=== Section Start ===

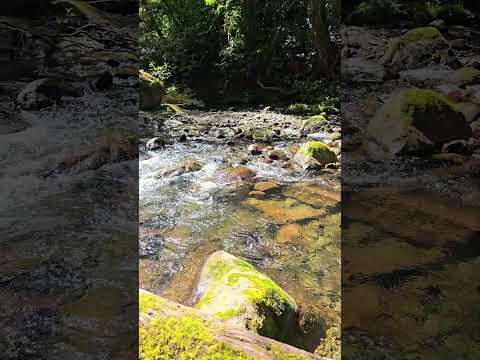 Río Coton #cotobrus #costarica #s24ultra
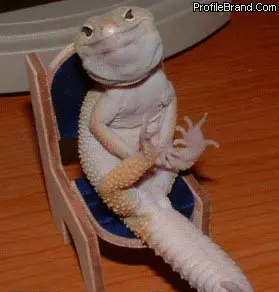 gecko sitting on chair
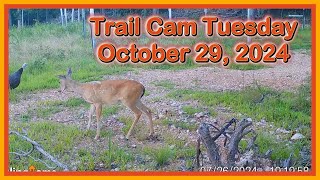 Trail Cam Tuesday - October 29, 2024
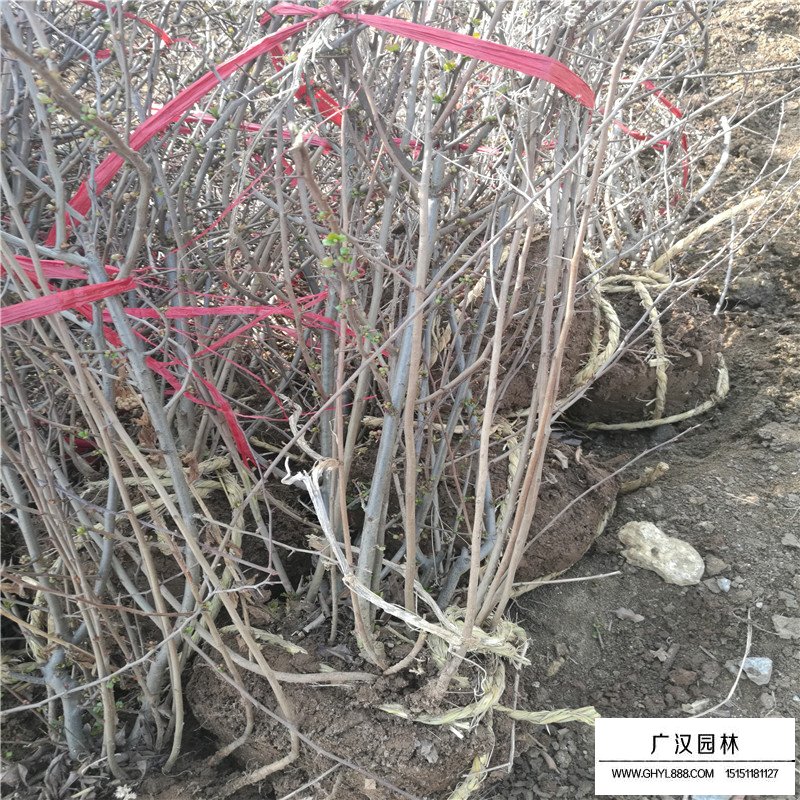 貼梗海棠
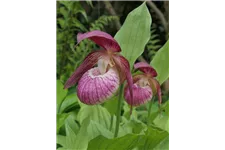 Gartenorchidee Frauenschuh 'Frosch's Harlequin' (Frosch®) 1 blühstarkes und bereits mehrtriebiges Rhizom 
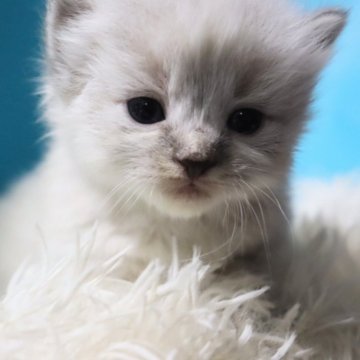 サイベリアン【千葉県・男の子・2025年8月28日・ブルーリンクスポイント（ネヴァマスカレード）】の写真「添い寝練習開始してます。人馴れ抜群💕」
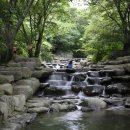 기성계곡 이미지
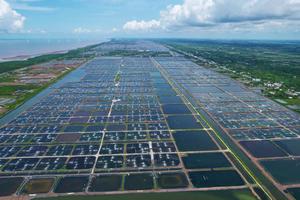 Cà Mau phấn đấu tăng trưởng 8% trở lên, hướng đến phát triển bền vững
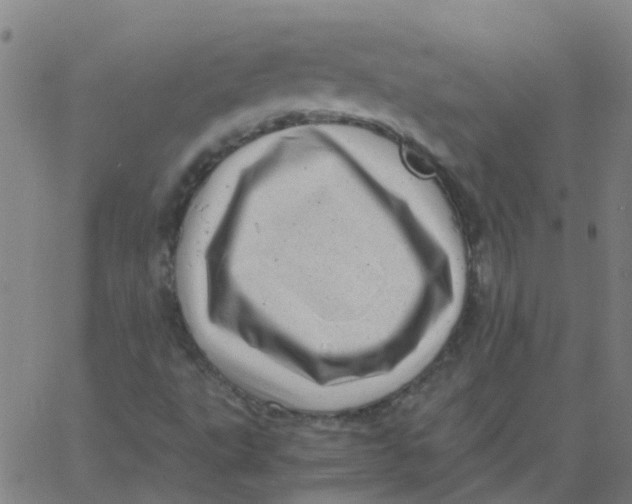 X0000066101495200603312012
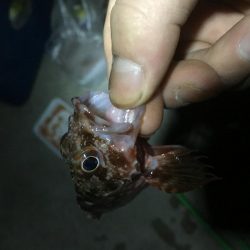 時代はガシラっすよ？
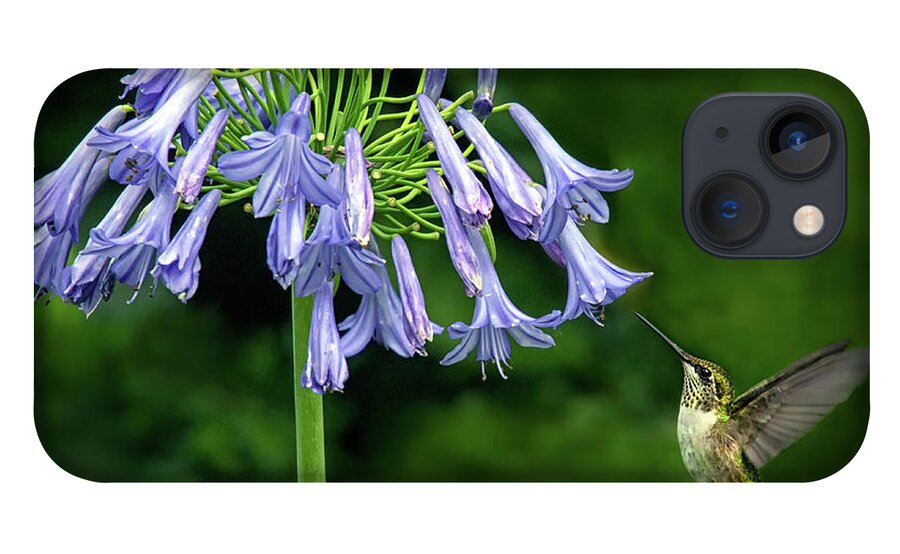 Hummingbird iPhone 13 Case featuring the photograph Into The Blues by Art Cole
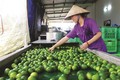 后江省州城县带来高经济效益的无核柠檬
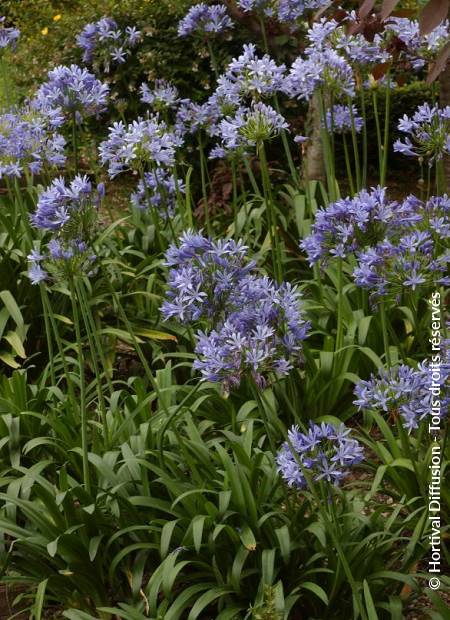 © Hortival Diffusion - Tous droits réservés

=== Section End ===

Aim of the exercise: Keeping pictures out, repeat exactly the lines from the one containing "Trail Cam Tuesday - October 29, 2024" through the end of the listing.

The answer:
 Trail Cam Tuesday - October 29, 2024
 貼梗海棠
 Gartenorchidee Frauenschuh 'Frosch's Harlequin' (Frosch®) 1 blühstarkes und bereits mehrtriebiges Rhizom 
 サイベリアン【千葉県・男の子・2025年8月28日・ブルーリンクスポイント（ネヴァマスカレード）】の写真「添い寝練習開始してます。人馴れ抜群💕」
 기성계곡 이미지
 Cà Mau phấn đấu tăng trưởng 8% trở lên, hướng đến phát triển bền vững
 X0000066101495200603312012
 時代はガシラっすよ？
 Hummingbird iPhone 13 Case featuring the photograph Into The Blues by Art Cole
 后江省州城县带来高经济效益的无核柠檬
 © Hortival Diffusion - Tous droits réservés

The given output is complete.